In July 2020, following public comments and concern due to parked cars blocking Route 23A, a lack of social distancing, excessive litter and people jumping into the water from the bridge, the board decided to temporarily shut down public access to the swimming hole. With the closure, the only access to the hole is from private property.
The board passed a resolution in May to get a quote for the price of permanent fencing after some Palenville residents advocated for its complete closure at the meeting.
Catskill Town Supervisor Dale Finch said at the meeting that residents had been emailing the board with photos showing the swimming hole’s current state.

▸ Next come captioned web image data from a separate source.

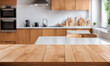 © Hendra - Empty wooden table and blurred kitchen background. food design background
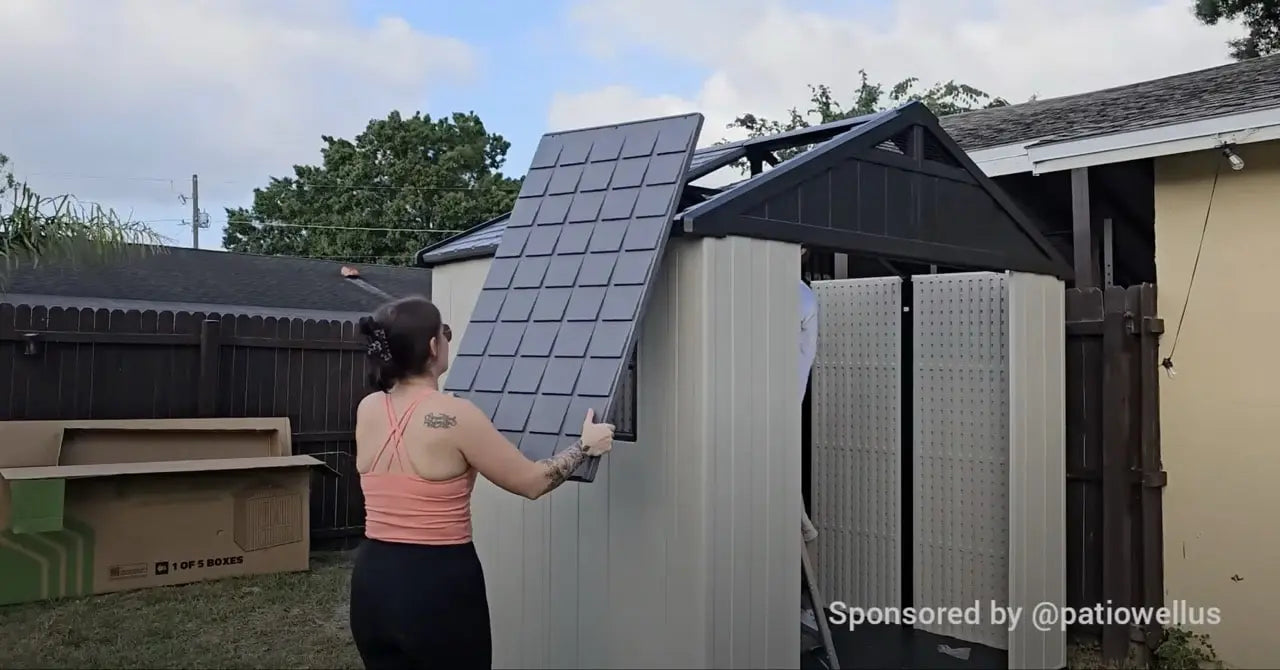 A lady assembling the roof of a 8x6 plastic storage shed.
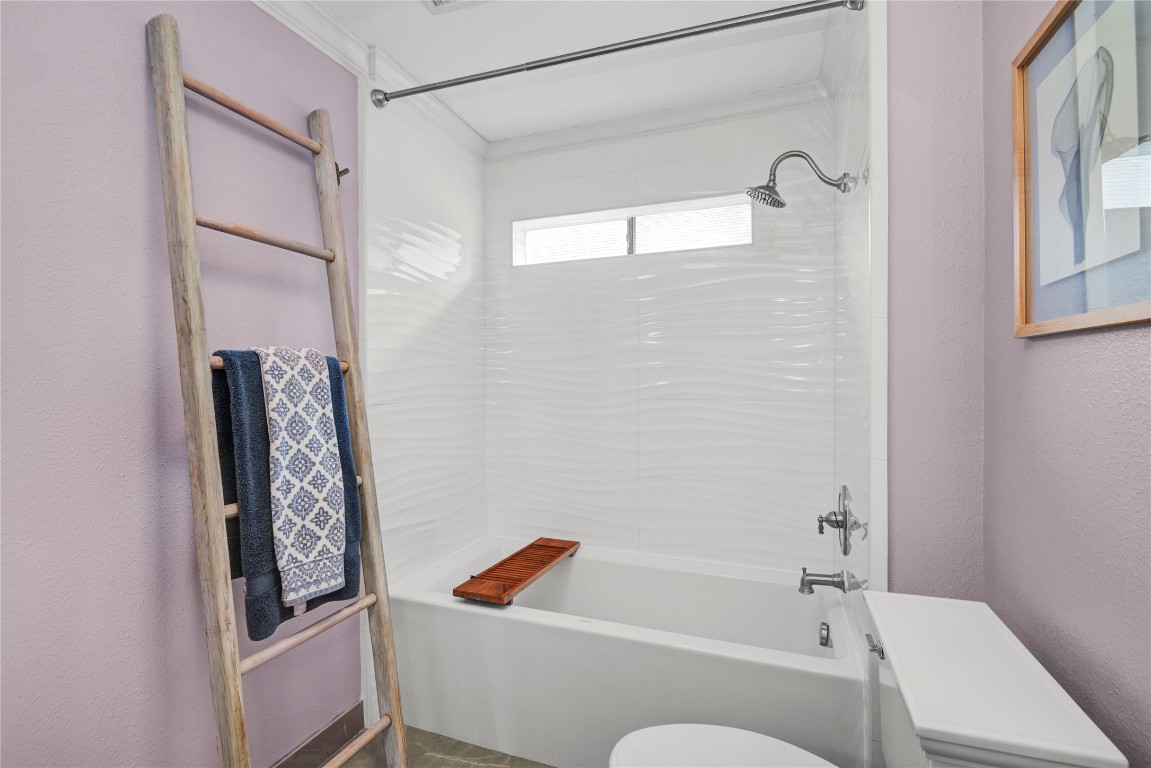 8412 Hidden Trail Lane Spring, TX 77379 - Photo 30 of 43 The well-appointed Jack and Jill bathroom features a full tub and shower combination with convenient access between adjoining bedrooms.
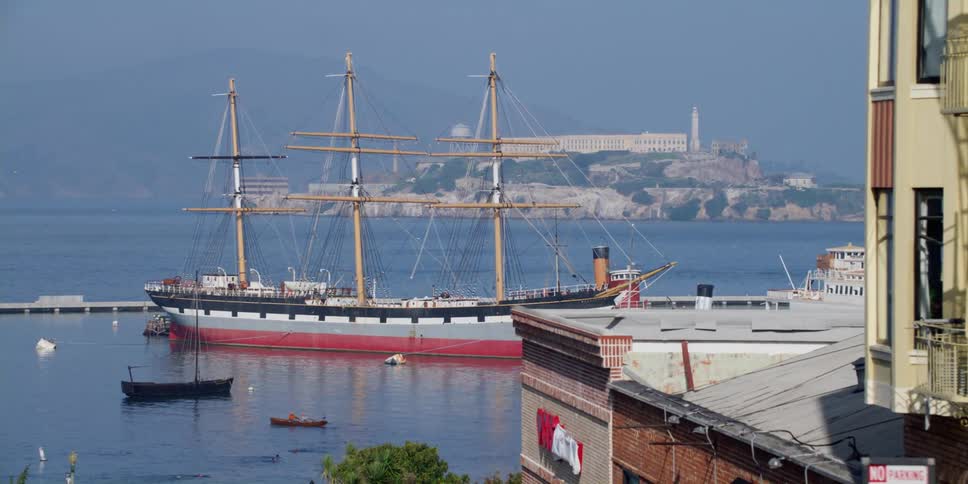 A large ship and a yacht sit in the sea outside a city neighborhood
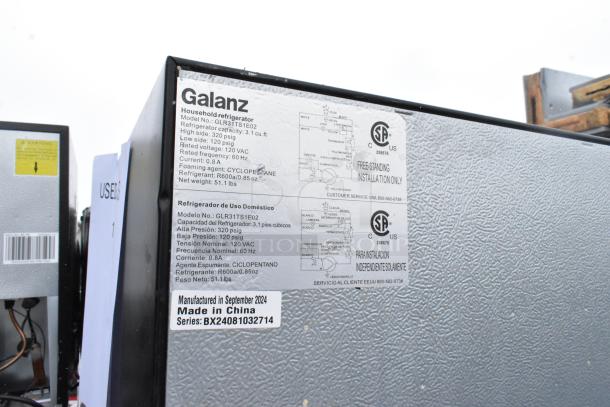 9 mini coolers, including Galanz GLR33MBKE23 and GLR31TS1E02, 120V, 1-phase. Labels show specs: 3.1 cu ft, R600a refrigerant.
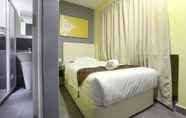 Kamar Tidur 6 Grand Village Hotel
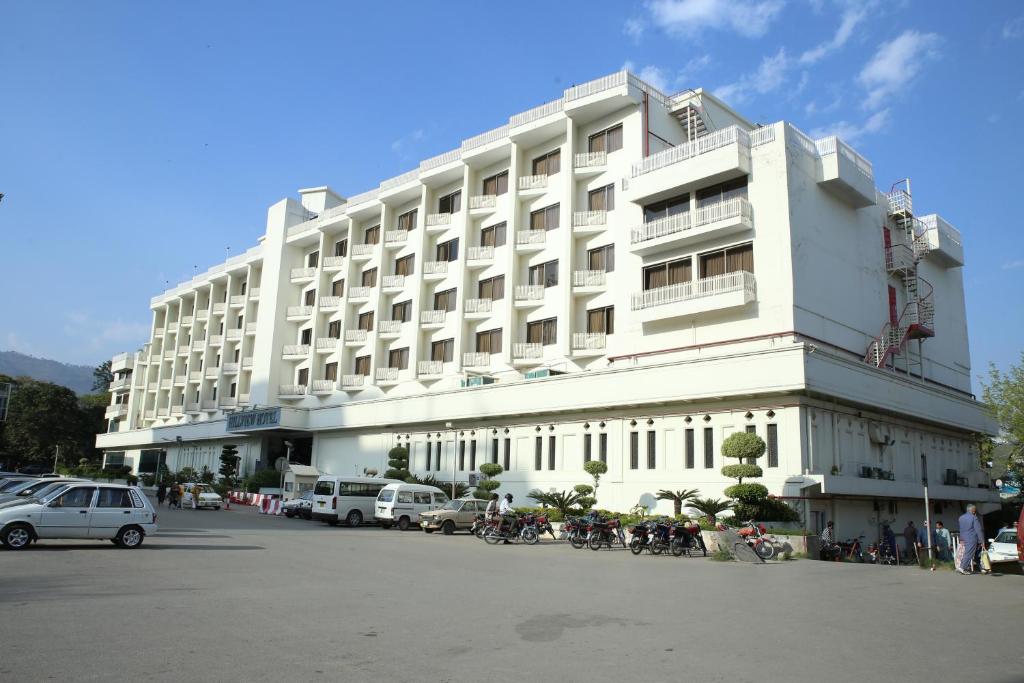 un gran edificio blanco con coches estacionados frente a él en Hotel Hillview Islamabad en Islamabad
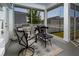 Outdoor screened porch with comfortable seating, a grill, and a view of the backyard at 1212 Civitas Way, Winter Garden, FL 34787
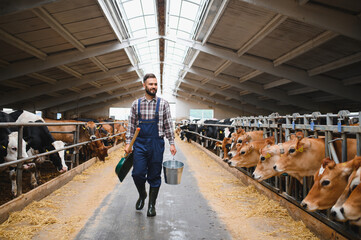 Farmer walking in cowshed carrying shovel and bucket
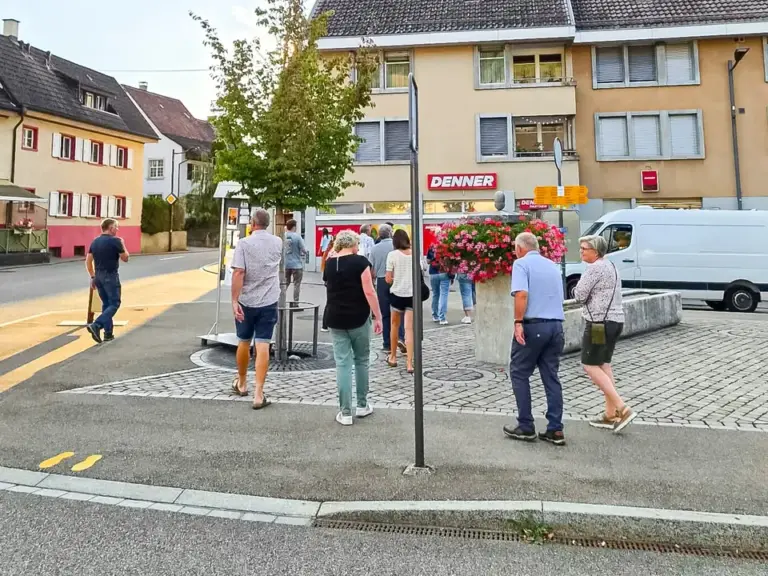 Mehrere Personen stehen und gehen über einen Dorfplatz mit Blumenschmuck vor einem Denner-Laden.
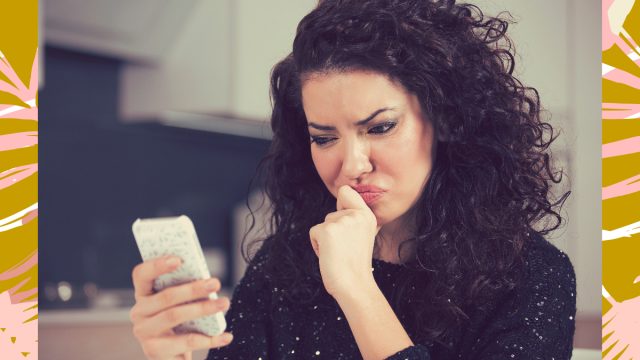 woman on phone confused using dating app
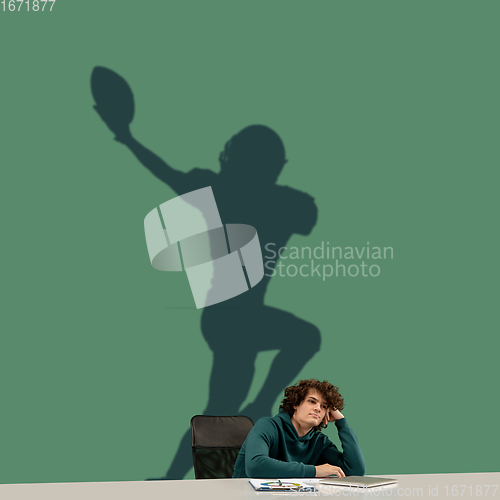 Image of Young man dreaming about future in big sport during his work in office. Becoming a legend. Shadow of dreams on the wall behind him. Copyspace.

Palenville resident Chris Burns submitted a petition containing 35 signatures he began circulating Tuesday morning asking the board to keep the hole open. He said the signatories did not know the board was considering a permanent closure.
Kevin Burns, a resident who helped start the petition, said he has been swimming in the hole for 50 years and he takes his grandchildren when they come to visit. He said he hasn’t seen the overcrowding or trash issues become as bad this summer.
“I’m asking the board for a moratorium on putting up the fence and closing down the hole until we can obtain more signatures in favor of people swimming in the hole,” he said.
Advocates for the permanent closure of the swimming hole, including resident in attendance Tuesday, Crane Davis, have not submitted a petition of support for its closure but said they are gathering signatures.
Town Councilman Jared Giordiano said the biggest concern is safety and liability. Greene County, which owns the bridge, is planning to install an 8-foot fence on the bridge by mid-August to prevent jumping into the water, Councilman Paul Vosburgh said.
Councilwoman Dawn Scannapieco said she supports keeping the swimming hole open and is interested in looking for solutions to keeping it clean, including assembling a group of volunteers to regularly pick up litter.
Finch said the board was not prepared to make a decision on removing the fence Tuesday evening, but decided to hold the next meeting in Palenville and to make the swimming hole an agenda item. He said the request to halt efforts to put up a permanent fence before getting further public comment was a “fair request.”
“It’s refreshing to hear both sides of the fence, so to speak,” Finch said. “Everybody’s got a different slant on it. And I think everybody has some valid concerns that the town board will have to take into consideration.”